Exactly. Now, for example, final renders in Corona for me are somewhere between 64 and 256 passes, because Corona by default does 16 shading rays per eye ray, while Cycles users usually render between 500-3000 passes. So if I gave you some random number, let’s say 16, which is the most common number when it comes to amount of AO samples, then it would really not mean anything. What’s important is the context, in this case renderer. Doing 3000 passes * 16 AO samples would be 48 000 AO rays per pixel. Likely way too much.

Only case when I could give you a reasonable number would be if there was already AO map in Cycles, and I would be able to test it on a several difference scenes and see which number roughly amounts to best speed/quality ratio.

To make myself clear, I’m not trying to build an argument, I’m personally interested what you, as an artist, consider a “good enough” amount of AO samples to drive one of these AO-based dirtmaps.

That’s not how it works though. If you want to use the AO color in a shader, you have 16 AO samples per shader invocation. Shaders get invoked for every path vertex*, so this depends on your path length (bounce settings). You can cut down on that by ignoring this for non-primary/non-glossy rays.
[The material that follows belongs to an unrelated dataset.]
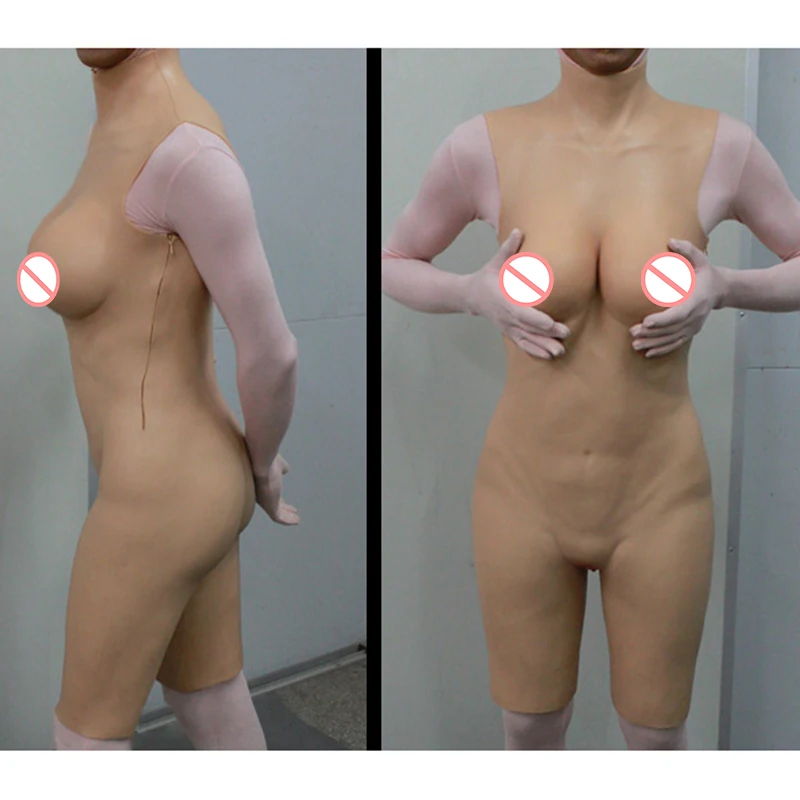 Трансвестит C-образный силиконовый полубоди Костюм Искусственная искусственная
*assuming it hit a material using AO color

Of course it was a simplification. I assumed you’d understand that. :slight_smile: My point is just that given how different renderers handle shading rate, it’s difficult to answer “How many rays do you need?” kind of question. Obviously, I don’t base these decisions based on some math, as such math would be impossible. Instead, the workflow is visual. The first decision depends on if the renderer is progressive or not (most of the modern ones are).
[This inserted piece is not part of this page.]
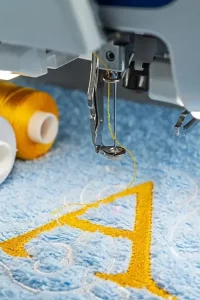 new skills of embroidery machine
If the renderer is not progressive, then I simply do a test renders, and use AO samples value that’s right on the borderline of acceptable, when it comes to noise level of the resulting procedural AO mask.

If the renderer is progressive, then I look for AO samples value which makes noise level of the procedural AO mask similar to the noise level of the other effects, such as GI noise, area light noise, glossy reflection noise and so on. I am just looking to make sure I don’t use excessive number of AO rays, or too low one.

To avoid ten more pages of speculation about performance, I just went ahead and created a quick proof-of-concept AO node.

Source: https://github.com/lukasstockner/blender/tree/aonode
Linux build: http://graphicall.org/1233
Windows build: http://graphicall.org/1234

21 Likes

Works amazingly Lukas!

It’s also very fast 4 seconds without AO, 4.29 with AO.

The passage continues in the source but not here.